Status: Accepted Date: 2025-12-28 Deciders: Hal Casteel Categories: Architecture, Backend, API


Context

CODITECT Document Management System requires a robust API layer to expose document management, semantic search, and analytics capabilities. The API must support:

Requirements

  1. High-Performance Vector Search: Sub-100ms p95 latency for semantic search queries
  2. Async Database Operations: Non-blocking PostgreSQL (pgvector) and Redis operations
  3. Real-Time Embedding Generation: Concurrent calls to OpenAI/Anthropic embedding APIs
  4. Multi-Tenant Isolation: Secure tenant separation with proper authentication
  5. API Documentation: Auto-generated OpenAPI/Swagger documentation
  6. Type Safety: Strong typing for request/response validation
  7. Production Readiness: Battle-tested for enterprise deployment

Constraints

  • Must integrate with existing Python ML/AI ecosystem (embeddings, vector operations)
  • Must support async patterns for I/O-bound operations
  • Must provide automatic request validation
  • Must generate API documentation without manual maintenance
  • Must have proven production track record at scale

Decision

We will use FastAPI as the primary web framework for the CODITECT Document Management System API because it provides the optimal combination of async performance, type safety, automatic documentation, and Python ecosystem integration required for our semantic search and document management use cases.


Alternatives Considered

1. Django REST Framework (DRF)

Pros:

  • Mature, battle-tested framework
  • Excellent admin interface
  • Strong ORM integration
  • Large community and ecosystem

Cons:

  • Sync-first architecture (async support added later, not native)
  • Heavier footprint for API-only services
  • ORM doesn't natively support pgvector
  • Slower request processing compared to ASGI frameworks

Rejection Reason: Our use case requires async I/O for vector search, embedding APIs, and Redis operations. Django's sync-first architecture would require additional complexity for proper async handling.

2. Flask

Pros:

  • Lightweight and flexible
  • Simple to get started
  • Large extension ecosystem

Cons:

  • No native async support (requires additional libraries)
  • No built-in request validation
  • No automatic API documentation
  • Manual type checking required

Rejection Reason: Lacks native async support and automatic OpenAPI generation, which are critical for our requirements.
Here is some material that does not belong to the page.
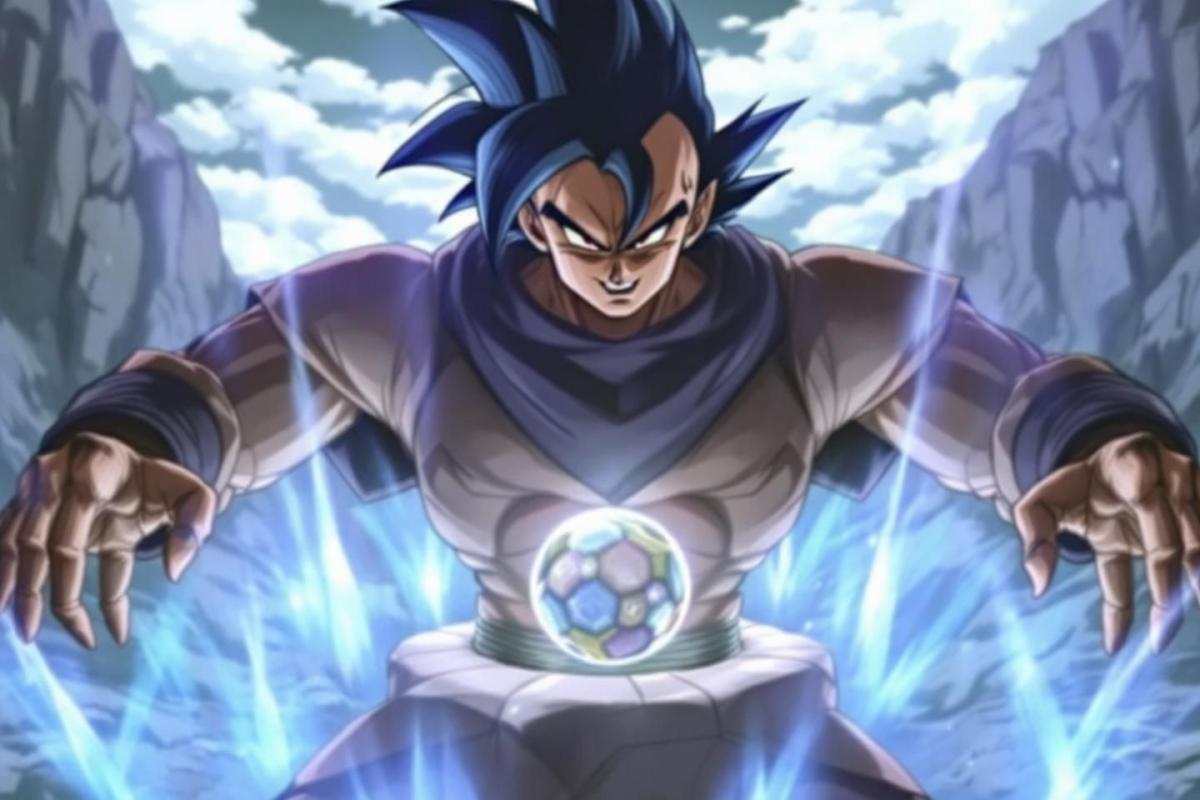Attention fans de Dragon Ball : ce projet secret va vous choquer (révélation en janvier)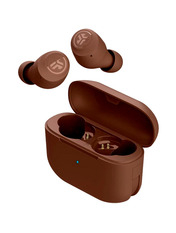 Навушники JLab GO Air Tones Dark Brown Dark Brown (IEUEBGAPTONERBA124)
3. Starlette (FastAPI's Foundation)

Pros:

  • Maximum control and flexibility
  • Minimal overhead
  • Pure ASGI implementation

Cons:

  • No built-in request/response validation
  • No automatic OpenAPI generation
  • Requires more boilerplate code

Rejection Reason: Would require reimplementing features that FastAPI provides out of the box (Pydantic validation, OpenAPI generation).

4. gRPC (Python)

Pros:

  • Binary protocol (efficient)
  • Strong typing via Protocol Buffers
  • Excellent for microservices communication

Cons:

  • No browser client support without gateway
  • More complex tooling
  • Protocol Buffer management overhead

Rejection Reason: Our API needs to be consumable by web browsers and third-party integrations, which requires REST/HTTP. gRPC may be considered for internal service-to-service communication in future.

5. Go Frameworks (Gin, Echo, Fiber)

Pros:

  • Superior raw performance
  • Lower memory footprint
  • Excellent concurrency model

Cons:

  • Separate language from ML/AI code
  • No native pgvector integration
  • Would require polyglot architecture

Rejection Reason: Our embedding and vector operations are Python-native. Introducing Go would create language boundaries and complicate deployment.


Rationale

Why FastAPI?

1. Native Async Support

FastAPI is built on Starlette (ASGI) with first-class async support:

@app.get("/documents/search")
async def search_documents(query: str, top_k: int = 10):
# All I/O operations are non-blocking
embedding = await embedding_service.embed_text(query)
results = await search_service.vector_search(embedding, top_k)
return results

This is critical for:

  • pgvector similarity searches
  • Redis cache operations
  • OpenAI/Anthropic embedding API calls
  • Concurrent request handling

2. Automatic Request Validation (Pydantic)

Type-safe request/response handling with automatic validation:

class SearchRequest(BaseModel):
query: str = Field(..., min_length=1, max_length=10000)
top_k: int = Field(default=10, ge=1, le=100)
tenant_id: UUID
min_score: float = Field(default=0.0, ge=0.0, le=1.0)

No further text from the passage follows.